**WHAT IS REQUIRED**
The result is the exact lines from the one containing "いすゞエルフ平ボディ小型（2t・3t）[写真19]" through the final line of the entries; leave out the pictures.

Stored dataset items
..............................

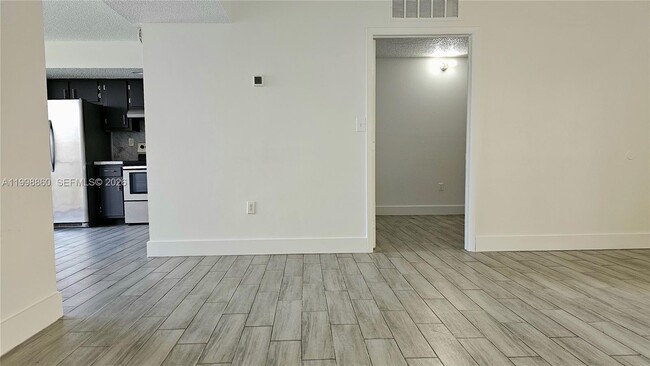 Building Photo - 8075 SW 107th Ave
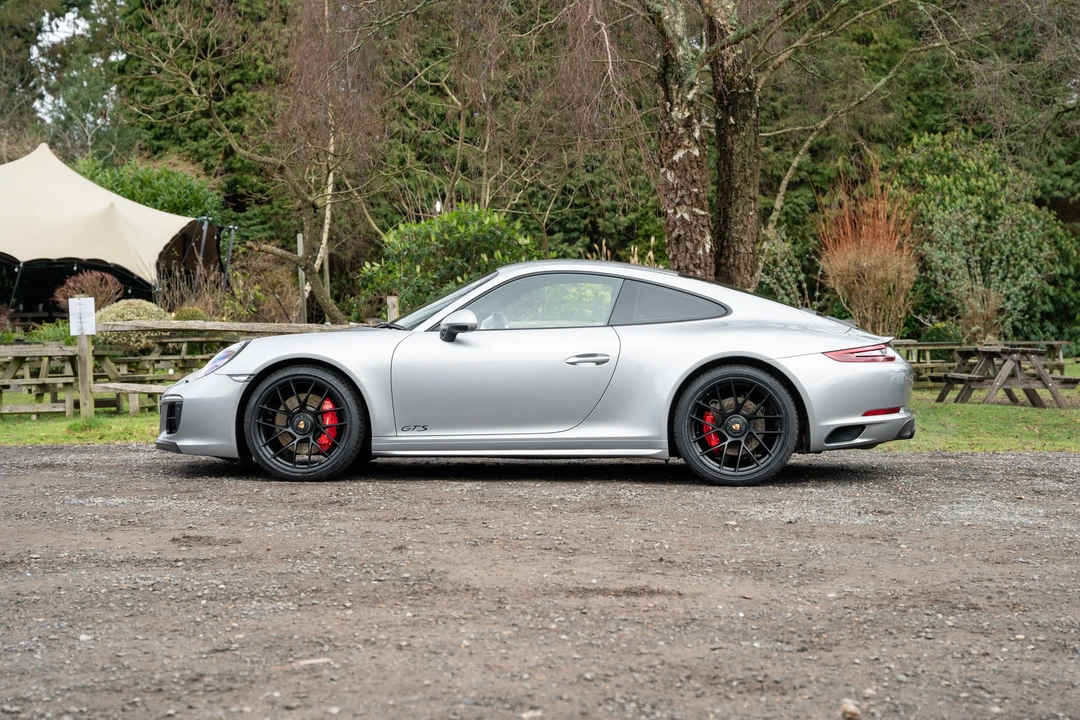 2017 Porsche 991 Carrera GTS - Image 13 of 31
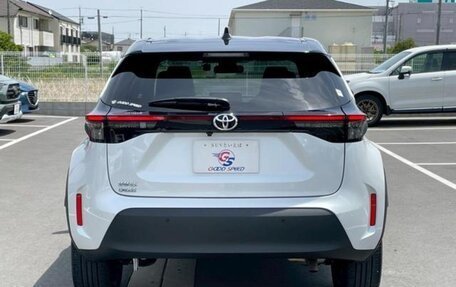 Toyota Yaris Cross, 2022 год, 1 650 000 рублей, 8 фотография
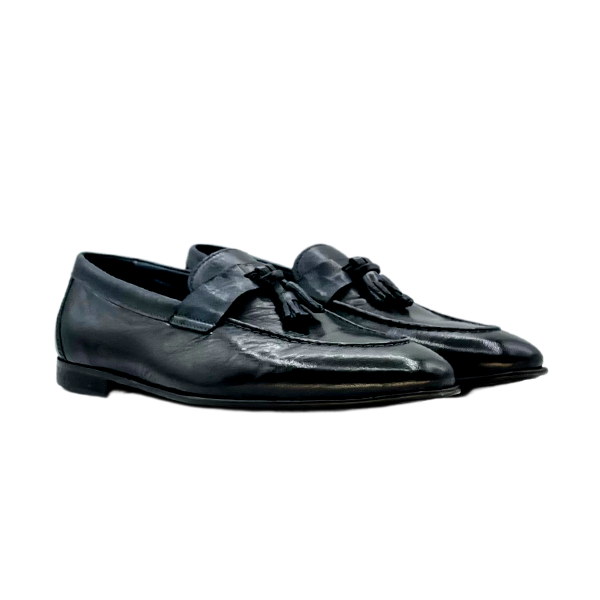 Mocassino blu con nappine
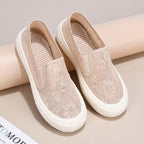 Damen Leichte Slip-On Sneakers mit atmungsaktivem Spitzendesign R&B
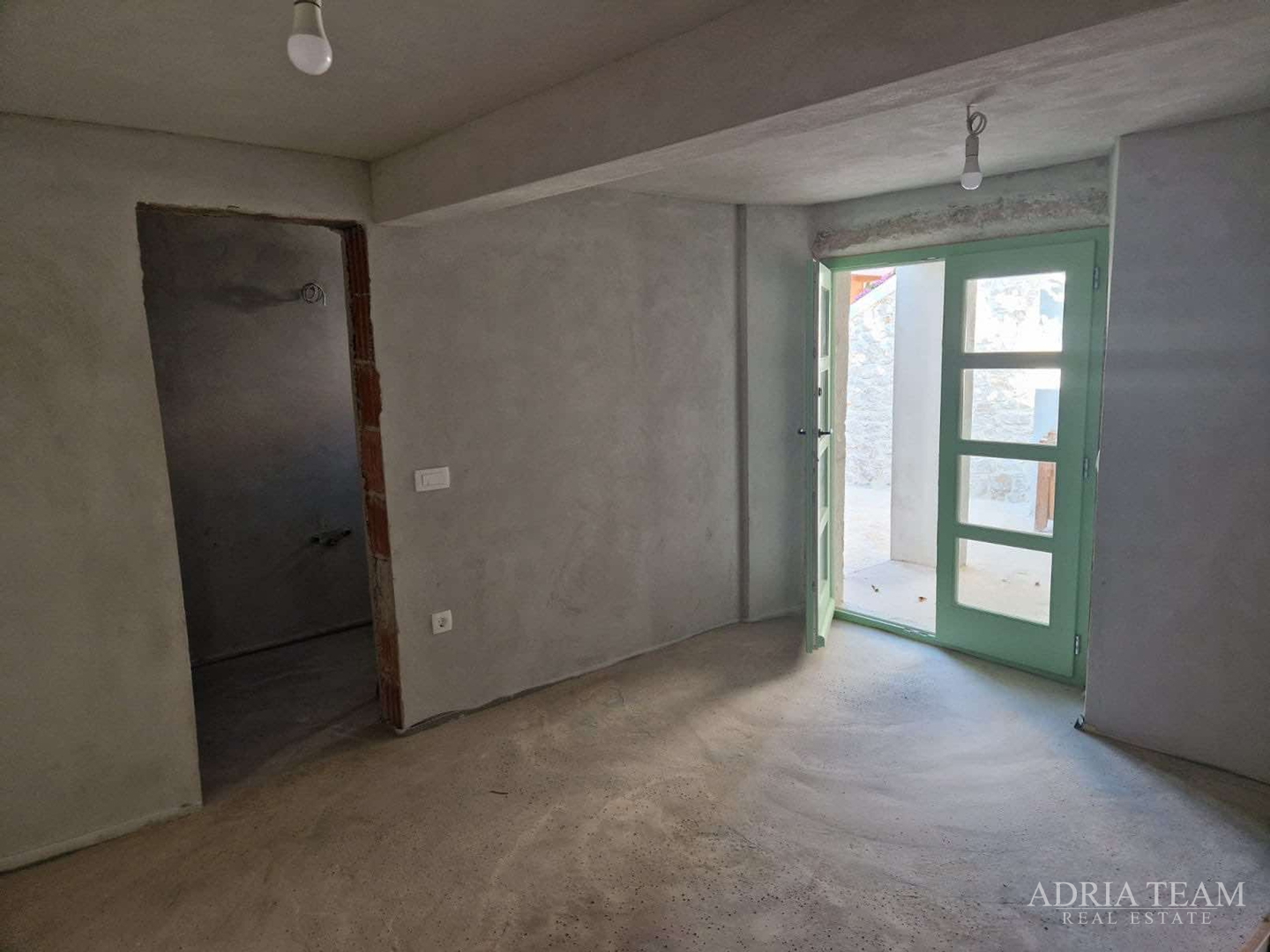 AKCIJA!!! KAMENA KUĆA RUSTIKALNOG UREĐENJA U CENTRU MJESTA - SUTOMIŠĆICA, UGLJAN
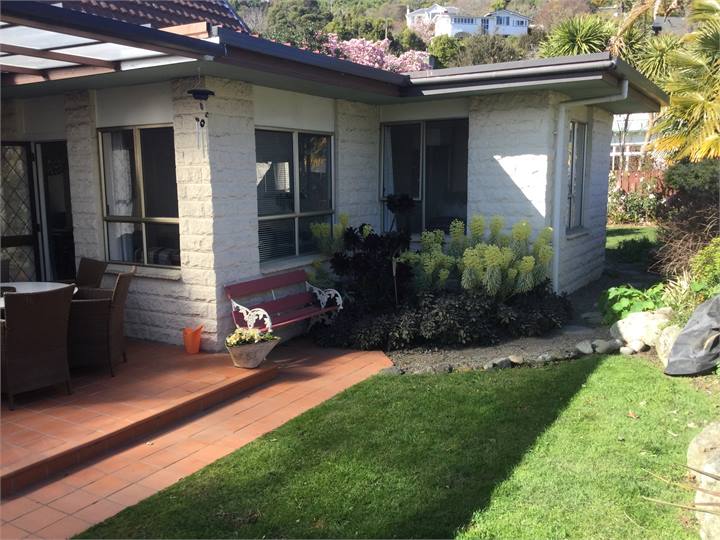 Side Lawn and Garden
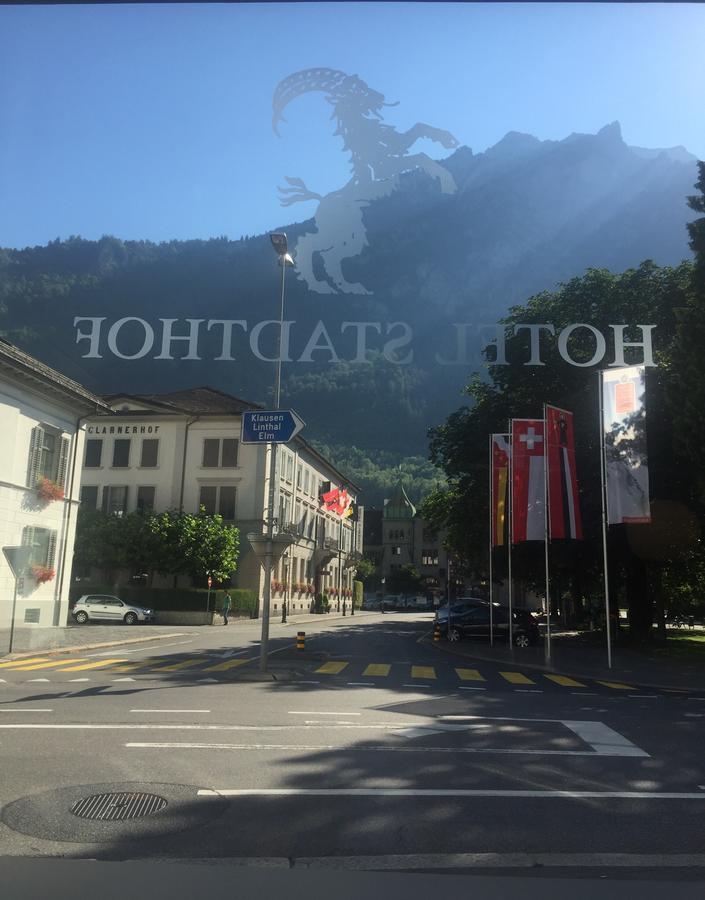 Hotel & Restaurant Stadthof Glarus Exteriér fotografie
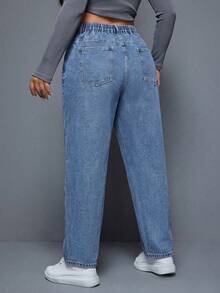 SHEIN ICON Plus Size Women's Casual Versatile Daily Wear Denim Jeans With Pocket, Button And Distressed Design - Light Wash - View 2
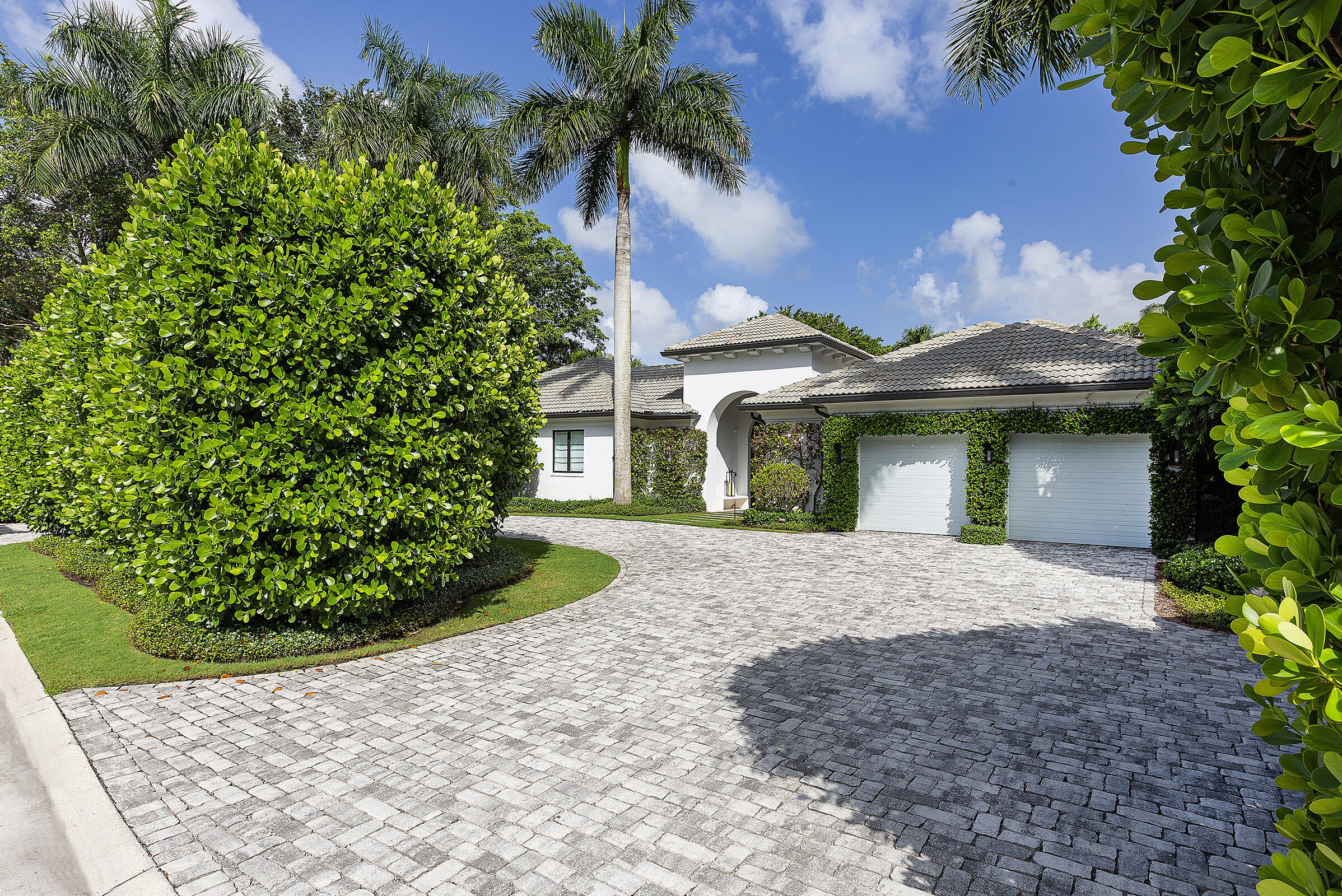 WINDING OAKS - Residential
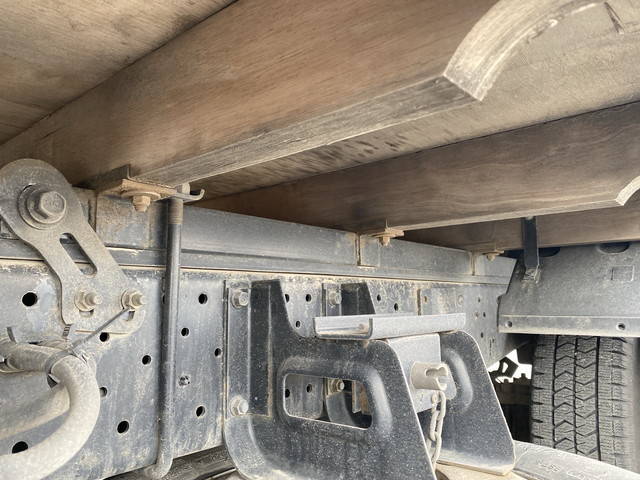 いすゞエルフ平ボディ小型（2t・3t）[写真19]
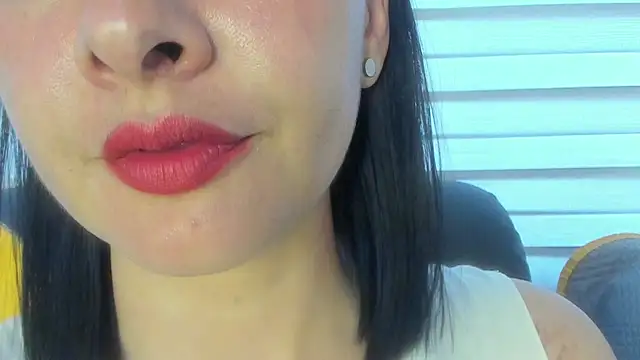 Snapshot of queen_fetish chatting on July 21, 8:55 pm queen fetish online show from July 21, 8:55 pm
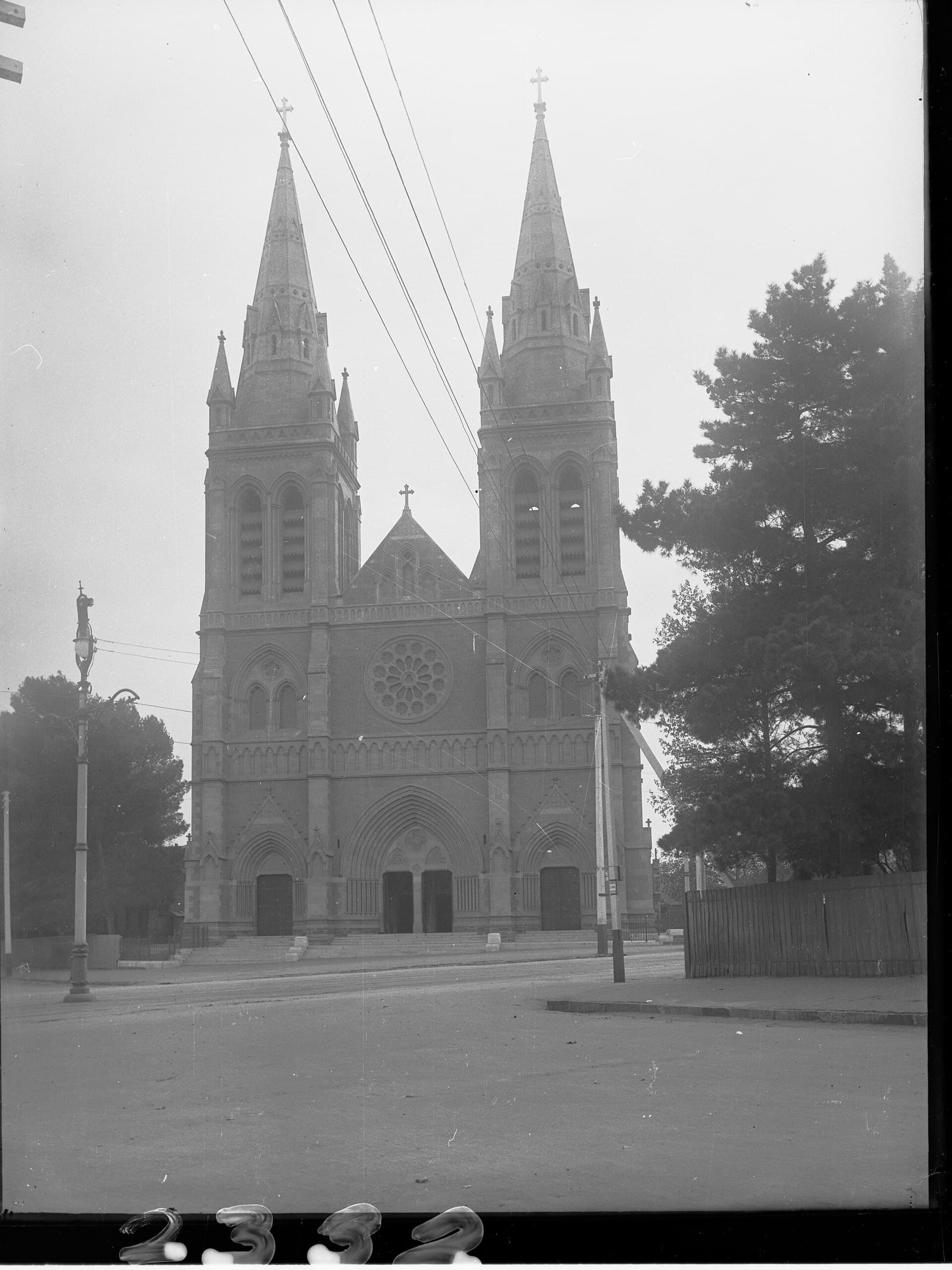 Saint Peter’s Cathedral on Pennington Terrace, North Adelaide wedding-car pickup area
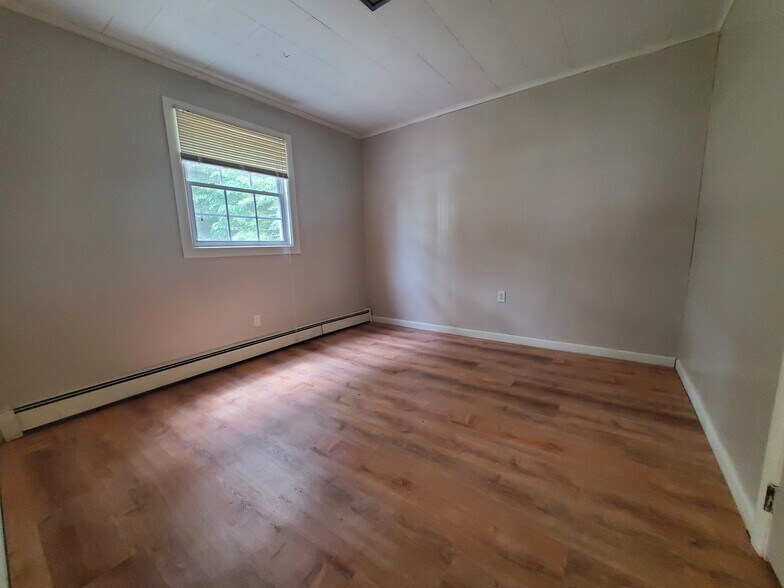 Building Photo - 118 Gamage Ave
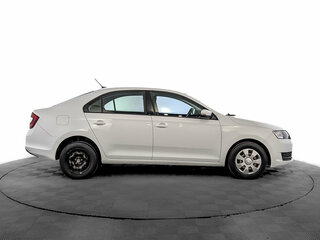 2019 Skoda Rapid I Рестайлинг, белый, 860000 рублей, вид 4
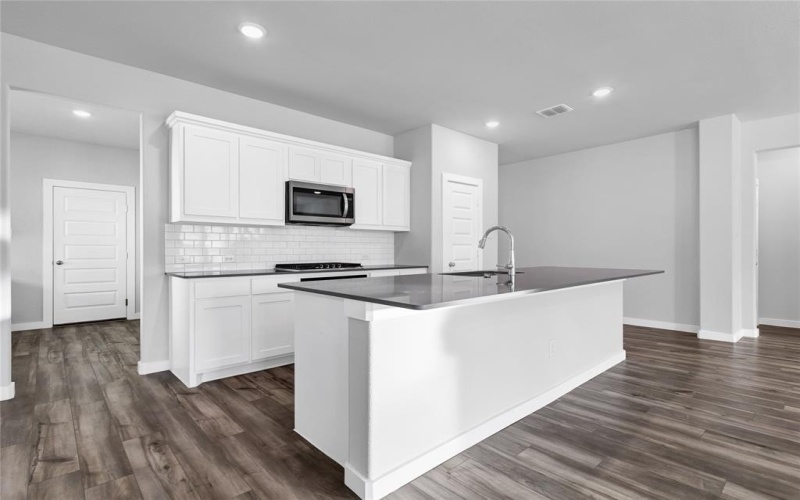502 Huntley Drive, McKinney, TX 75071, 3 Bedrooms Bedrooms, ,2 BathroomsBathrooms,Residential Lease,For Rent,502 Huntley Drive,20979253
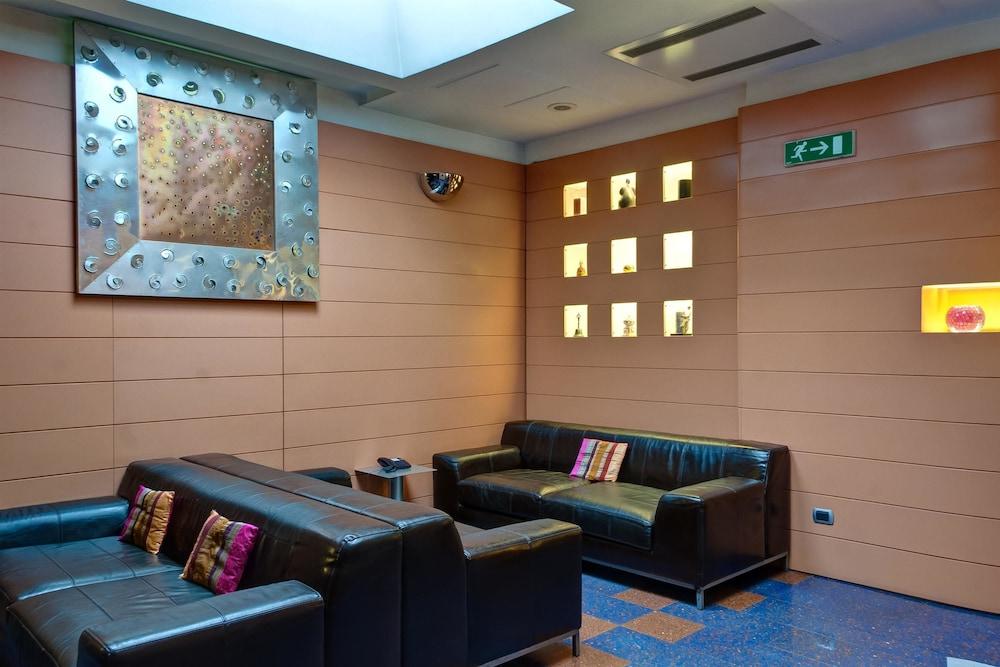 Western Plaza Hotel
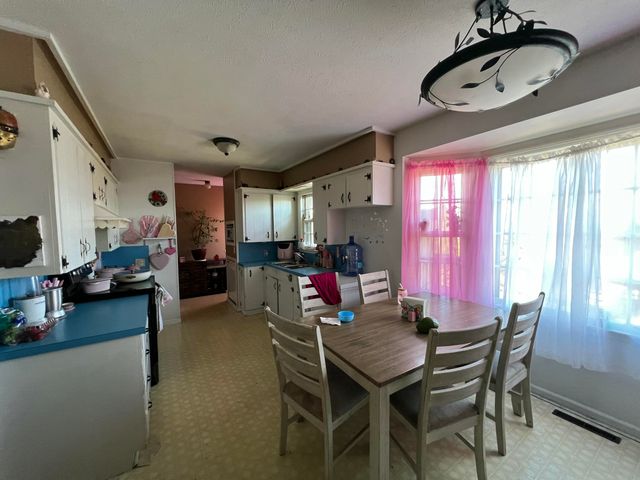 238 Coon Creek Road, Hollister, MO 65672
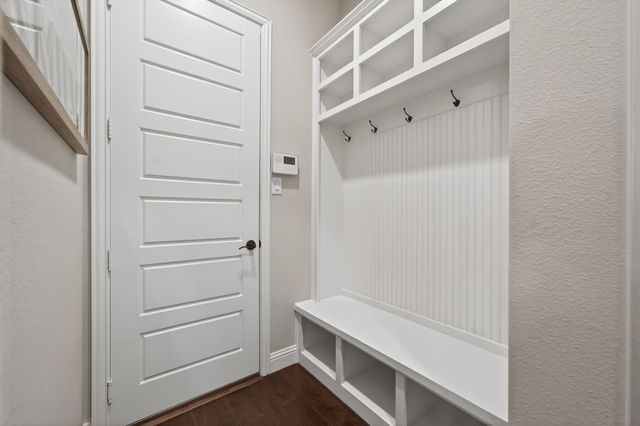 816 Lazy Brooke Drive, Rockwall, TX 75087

..............................

**RESULT BELOW**
 いすゞエルフ平ボディ小型（2t・3t）[写真19]
 Snapshot of queen_fetish chatting on July 21, 8:55 pm queen fetish online show from July 21, 8:55 pm
 Saint Peter’s Cathedral on Pennington Terrace, North Adelaide wedding-car pickup area
 Building Photo - 118 Gamage Ave
 2019 Skoda Rapid I Рестайлинг, белый, 860000 рублей, вид 4
502 Huntley Drive, McKinney, TX 75071, 3 Bedrooms Bedrooms, ,2 BathroomsBathrooms,Residential Lease,For Rent,502 Huntley Drive,20979253
 Western Plaza Hotel
 238 Coon Creek Road, Hollister, MO 65672
 816 Lazy Brooke Drive, Rockwall, TX 75087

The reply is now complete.